▶ WORK REQUIRED
With pictures left out, write out exactly every line from the start of the data through the one that contains "TOMMY HILFIGER MEN'S".

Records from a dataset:

== Segment start ==

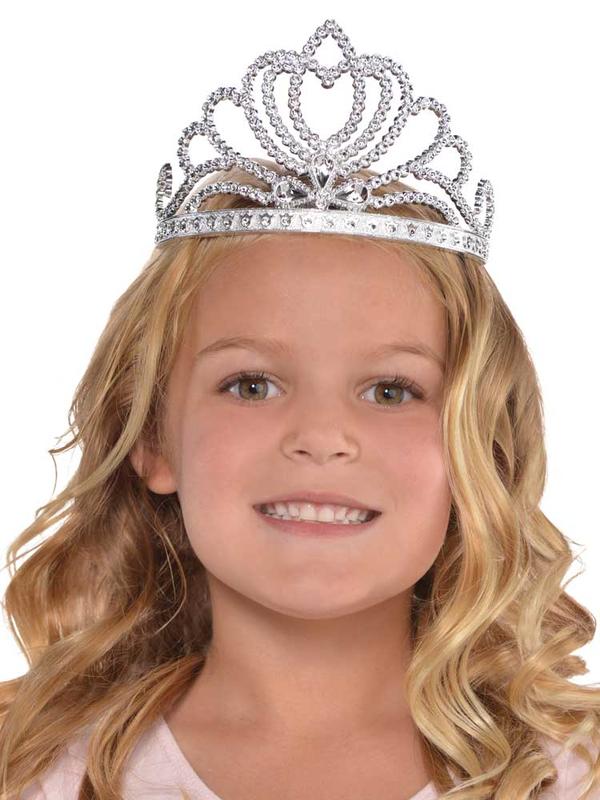 Girls Silver Princess Tiara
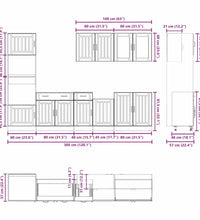 7-tlg. Küchenschrank-Set Kalmar Weiß Holzwerkstoff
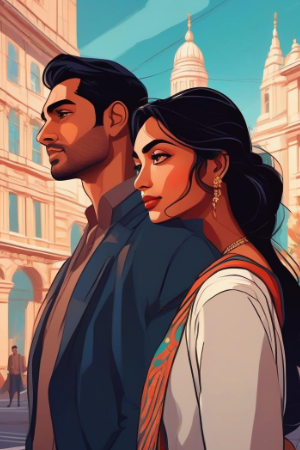 Cover of Desert Heat: A Threesome Encounter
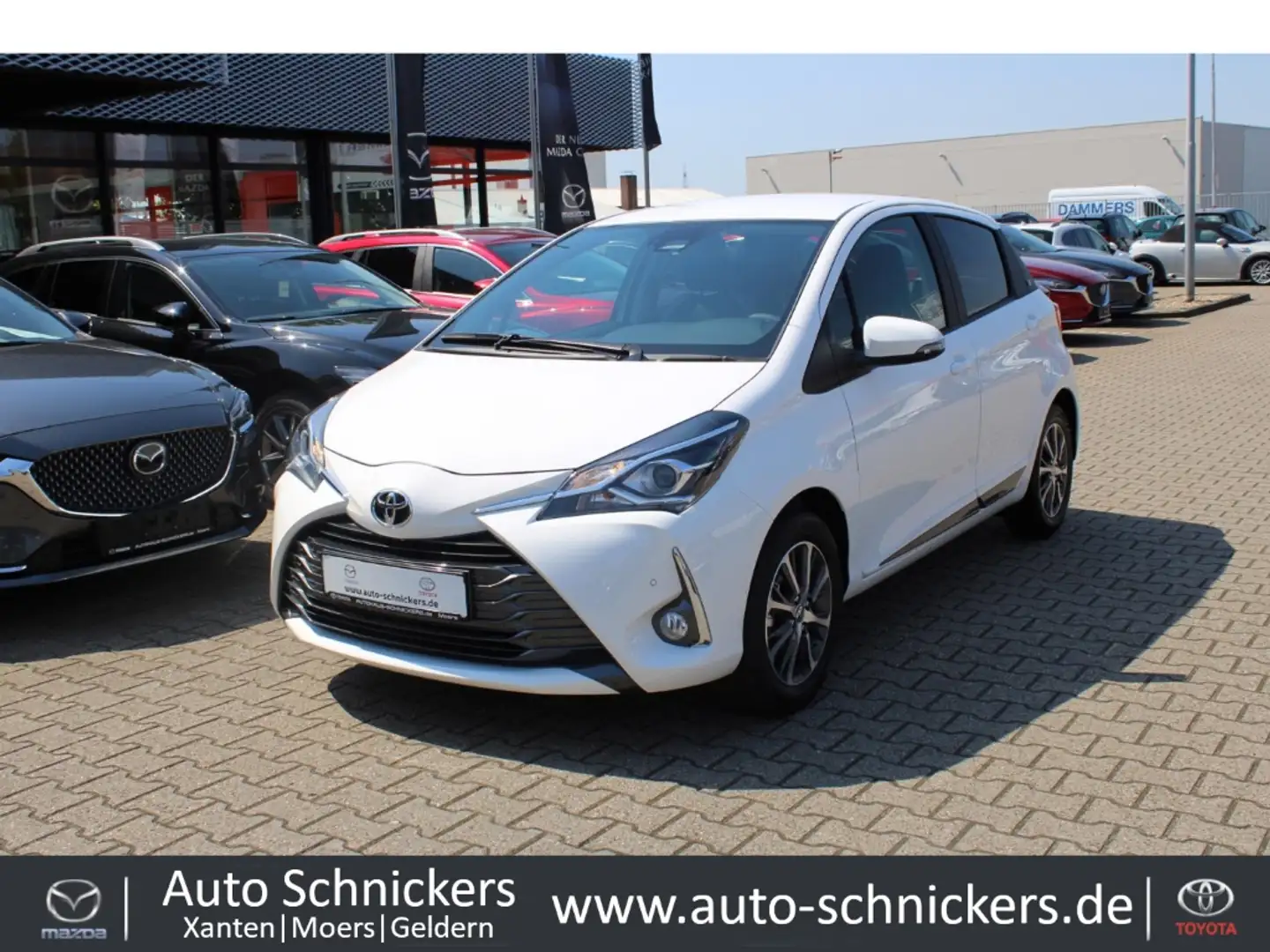 Toyota Yaris 1.5 Dual-VVT-iE Y20 Team D+ACAA+GJ-RÄDER Blanc - 1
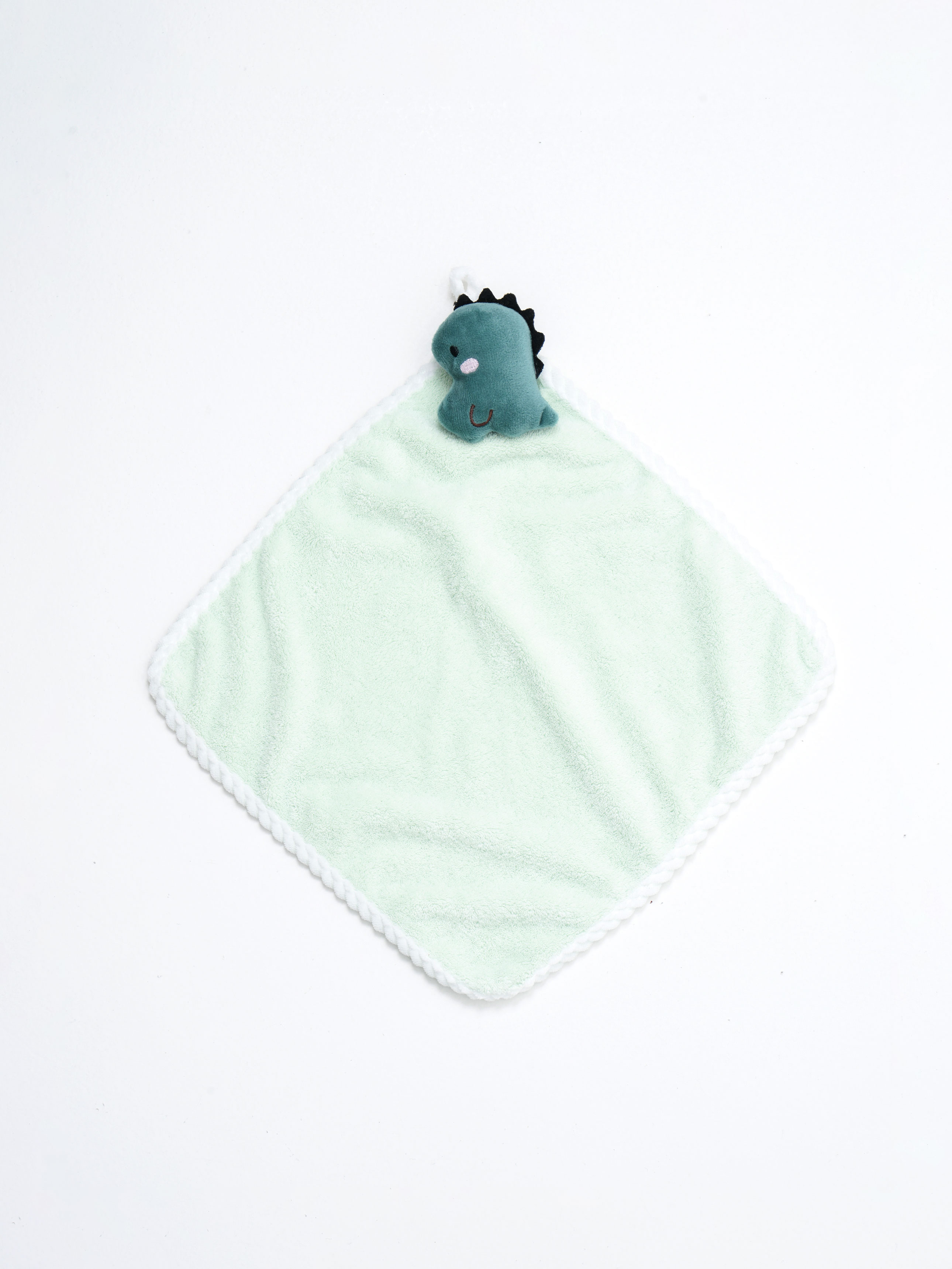 캐릭터 포인트 고리 핸드타월 30 X 30 cm 공룡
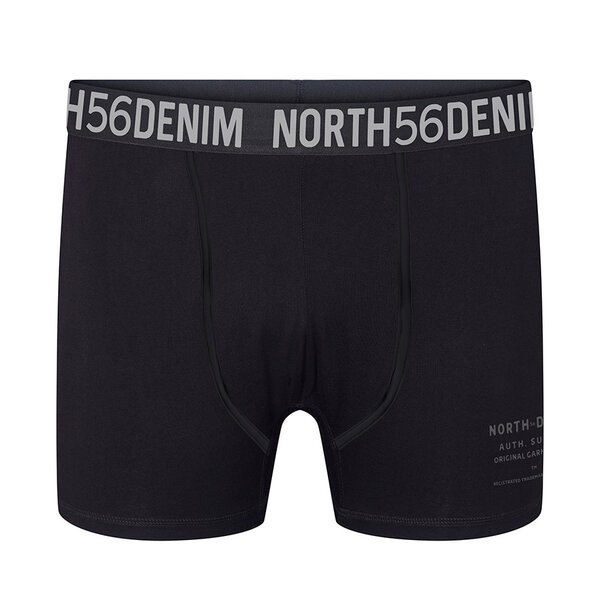 North56 Cotton Stretch Short Leg Boxer Black-shop-by-brands-Beggs Big Mens Clothing - Big Men's fashionable clothing and shoes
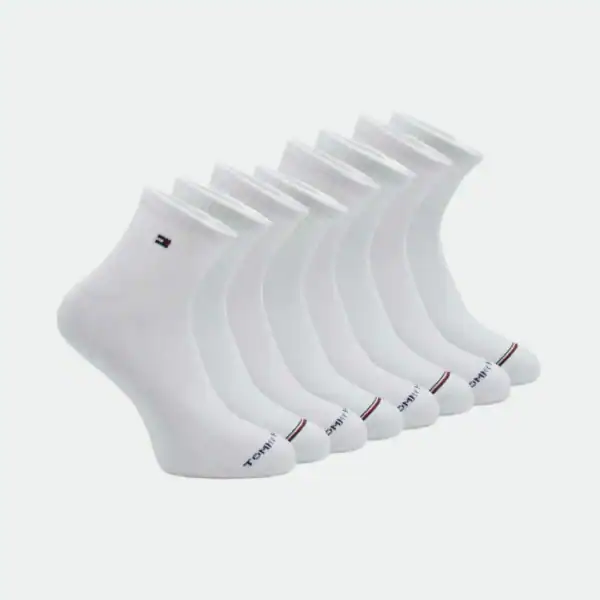 TOMMY HILFIGER MEN'S QUARTER CUT SOCKS 8 PAIRS (7-12 US) - Image 3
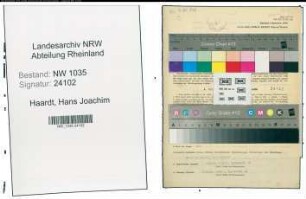 Entnazifizierung Hans Joachim Haardt , geb. 21.11.1920 ()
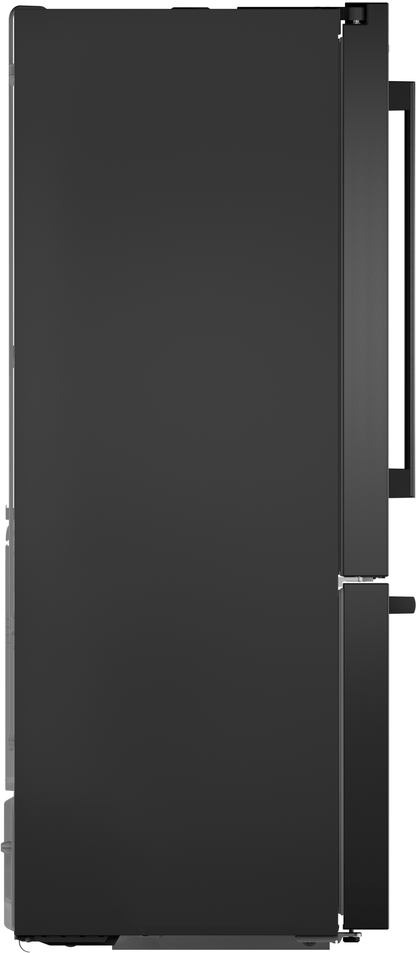 BOSCH B36CD52SNB 500 Series, French Door Bottom freezer, multi door, 36'', Black inox-antifingerprint, Total No Frost Black in Stainless Steel - B36CD52SNB
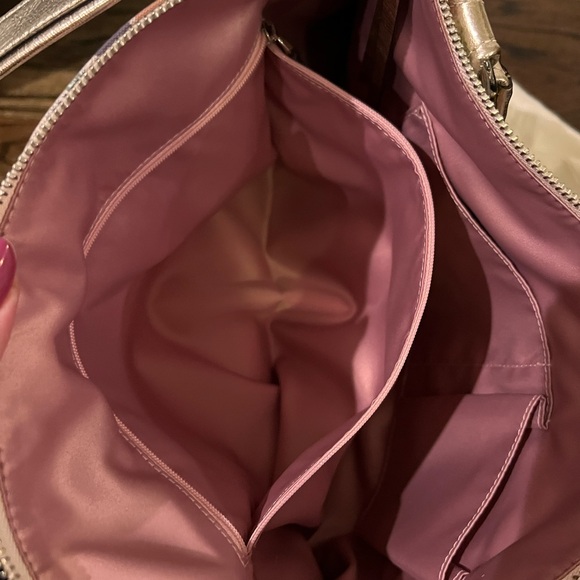 Coach Poppy Madras Large Handbag Tote, Exc Cond. - Picture 6 of 9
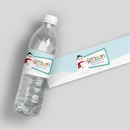 Snowman Holidays Water Bottle Labels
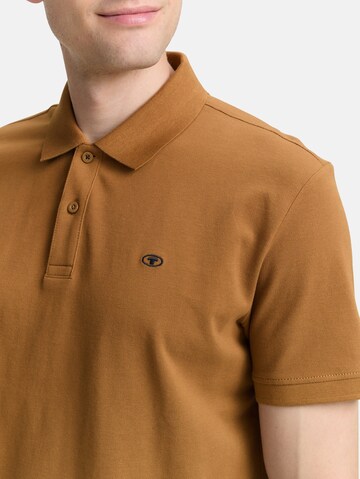 TOM TAILOR Poloshirt in Braun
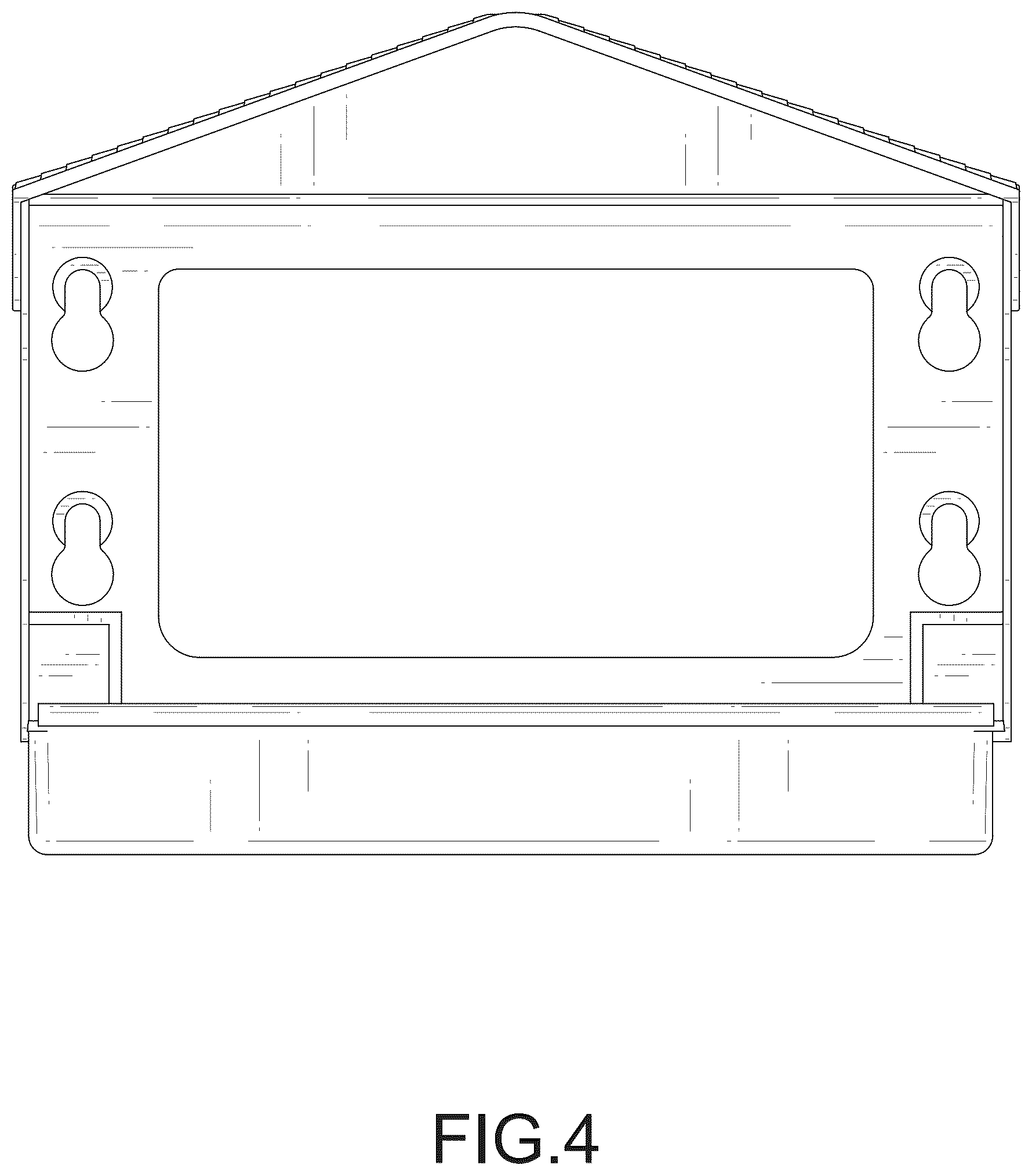 Patent USD1076258 Figure 4 – Bird feeder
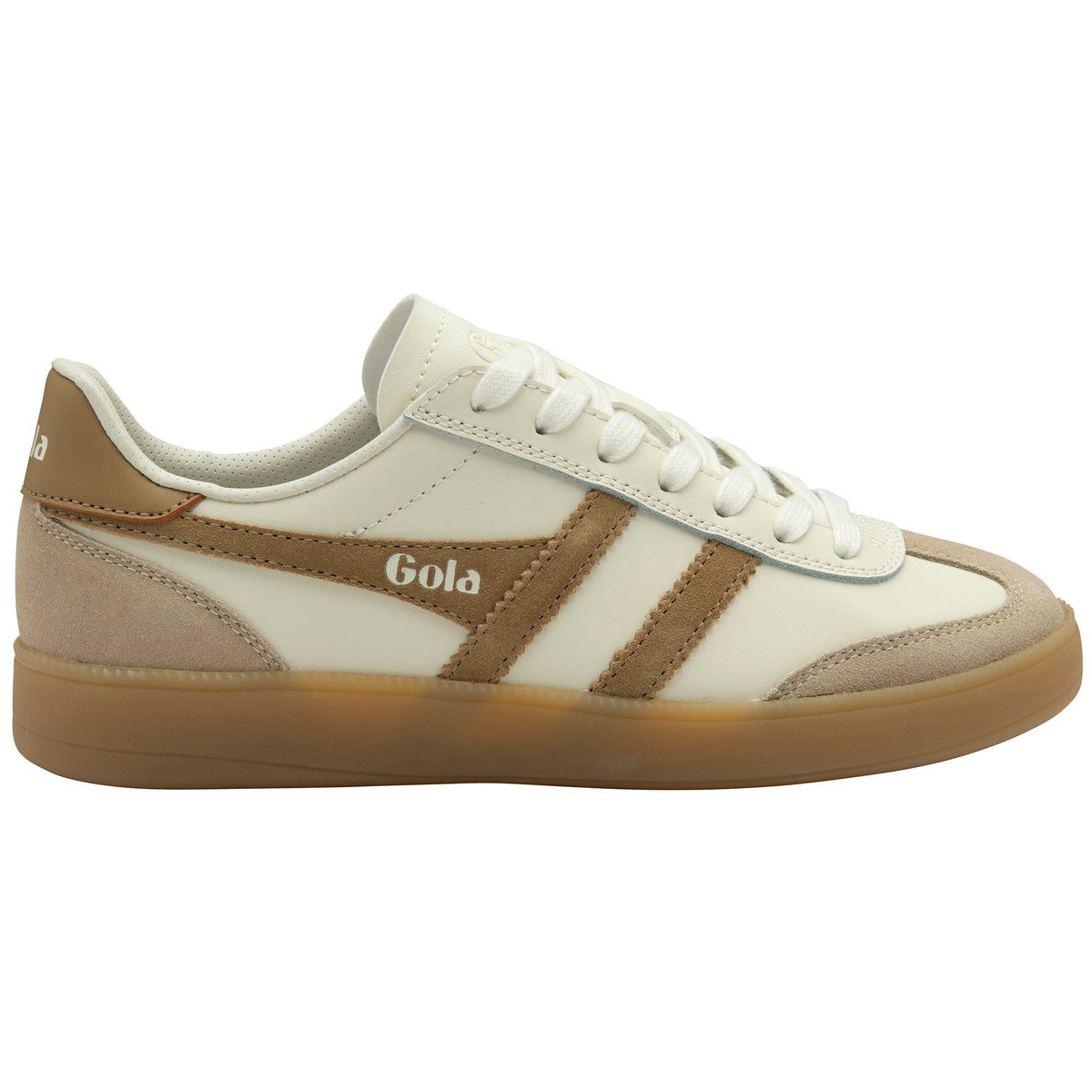 GOLA WOMEN VIPER LEATHER OFF WHITE/BONE/LIGHT CARAMEL/G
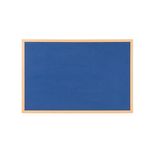 Earth Executive Felt Noticeboard 90x60cm Blue Oak MDF Frame FB0743239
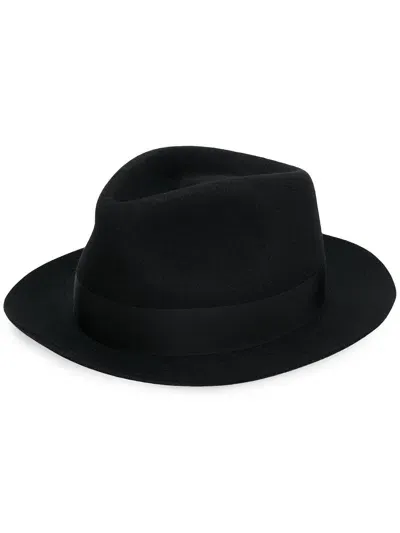 Borsalino Fedora Hat In Black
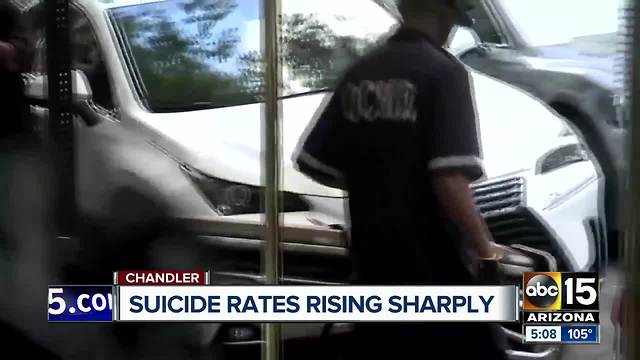 CDC: Suicides have increased by 30 percent since 1999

== Segment end ==

▶ ANSWER BOX
 Girls Silver Princess Tiara
 7-tlg. Küchenschrank-Set Kalmar Weiß Holzwerkstoff
 Cover of Desert Heat: A Threesome Encounter
 Toyota Yaris 1.5 Dual-VVT-iE Y20 Team D+ACAA+GJ-RÄDER Blanc - 1
 캐릭터 포인트 고리 핸드타월 30 X 30 cm 공룡
 North56 Cotton Stretch Short Leg Boxer Black-shop-by-brands-Beggs Big Mens Clothing - Big Men's fashionable clothing and shoes
 TOMMY HILFIGER MEN'S QUARTER CUT SOCKS 8 PAIRS (7-12 US) - Image 3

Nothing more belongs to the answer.